@Jose_Cueto and @Charles_Rosenbauer (as there are some overlapping ideas from both of you)
Until now I was just thinking to use the TM in order to get those patterns that could be spotted by a human just by looking at it in not much time. The ideia of using more not-so-human-friendly data to make these predictions would require a SP and a different way to represent the output, right? More like a continuous output, rather than a binary one.
Also, I’ll better explain the problem with using these data I was refering to: on a local predictor, nearby instructions data would not be useful, since they do not change. So only registors data could be useful (because even cache would delay too much to deliver anything), but by the time the predictor needs this data, the content on them do not refer to that specific instruction, but to some instructions before (the ones further in the pipeline), so the TM would probably have to see a indirect pattern here (sorry, I think it still is confusing, hope you understand it). However, a global predictor could perhaps make use of the instructions to get some insights. It would be interesting to test.

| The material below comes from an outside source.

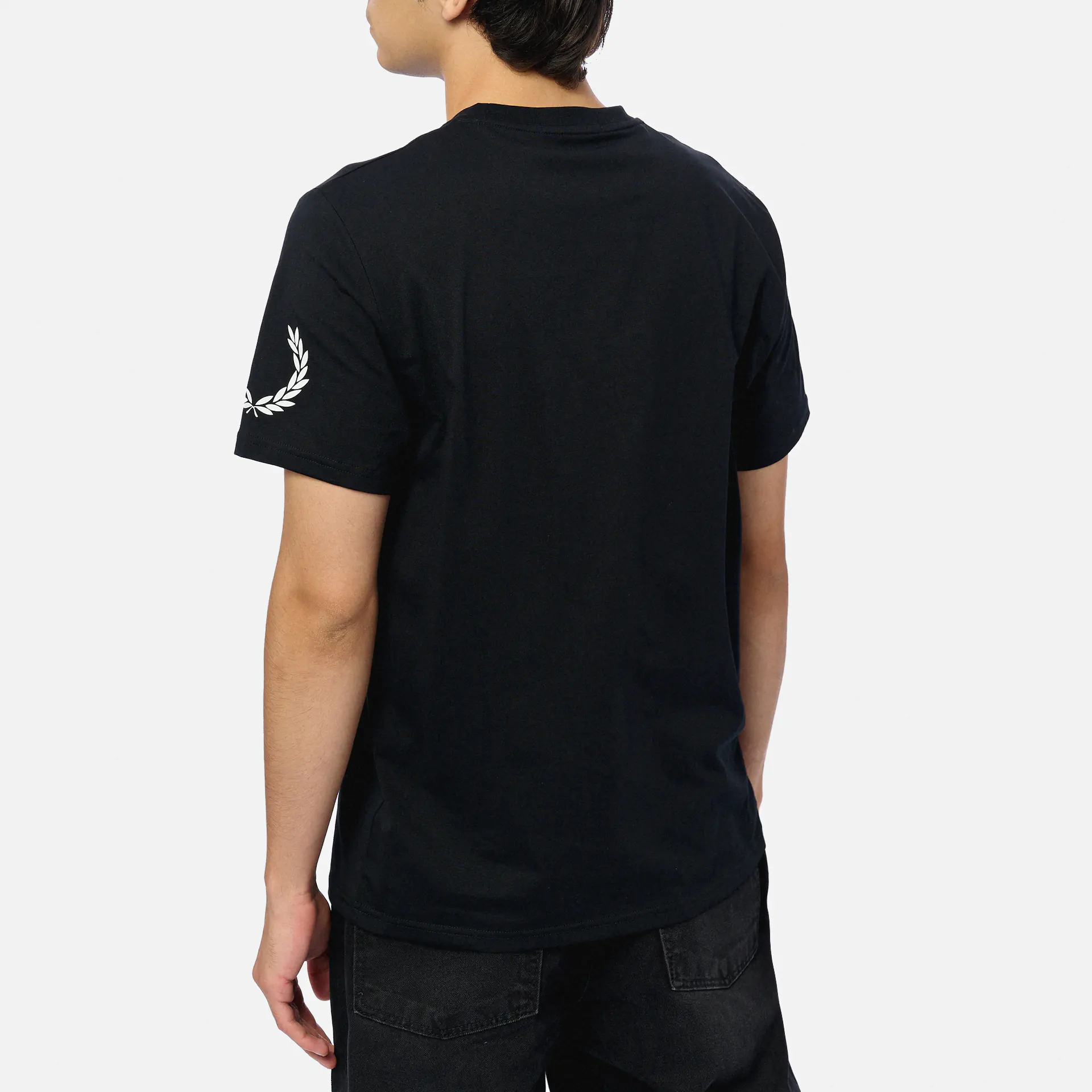 Fred Perry Double Branded Graphic T-Shirt Black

@Charles_Rosenbauer Thank you so much for the detailed post. Your comment has actually hurt my hope on getting interesting results (or any at all), but the earlier I discover this, the better, so I can even change the topic of my thesis if needed. I knew most of what you wrote on the first paragraphs, but the last takeaways were really valuable.
So, I have some questions. I don’t expect you to answer them with so many details (as @Jose_Cueto said, it’s my job to make further investigations, I just need a path =])
Q: Is it possible that a TM can replace a Two-Level Predictor table with less hardware and more of less the same results, but learning in less cycles than a perceptron?
Expected answer: No, a TM would require more hardware.
Q: Is it too difficult (or even impossible) to rewind a TM? So, is the solution for rewinding be using copies of all the parameters of the model? If it is, hardware will be definely a great problem.
Expected answer: there is a way, but it would be very difficult to implement (isn’t default TM too difficult already?).
Q: Since I expect ‘No’ for the first question, a TM would only make sense as a global predictor, right? One that could be reused, forgetting about instructions not used in some time). My idea is to combine a 2-bit saturating counter to help the TM when it’s not so sure (or, from other perspective, use a TM to improve the 2-bit saturating counter when possible)
Q: (From above) The ideia of using more not-so-human-friendly data to make these predictions would require a SP and a different way to represent the output, right? More like a continuous output, rather than a binary one.
Q: How can Memory Prefetching be modeled as a temporal problem? (don’t waste too much time on this one haha) [EDIT: @vpuente has linked an interesting paper below. I think I can find the answer reading it beyond the abstract, which I’ll do later]
Thanks so much for everyone that is taking some time to guide me on this topic.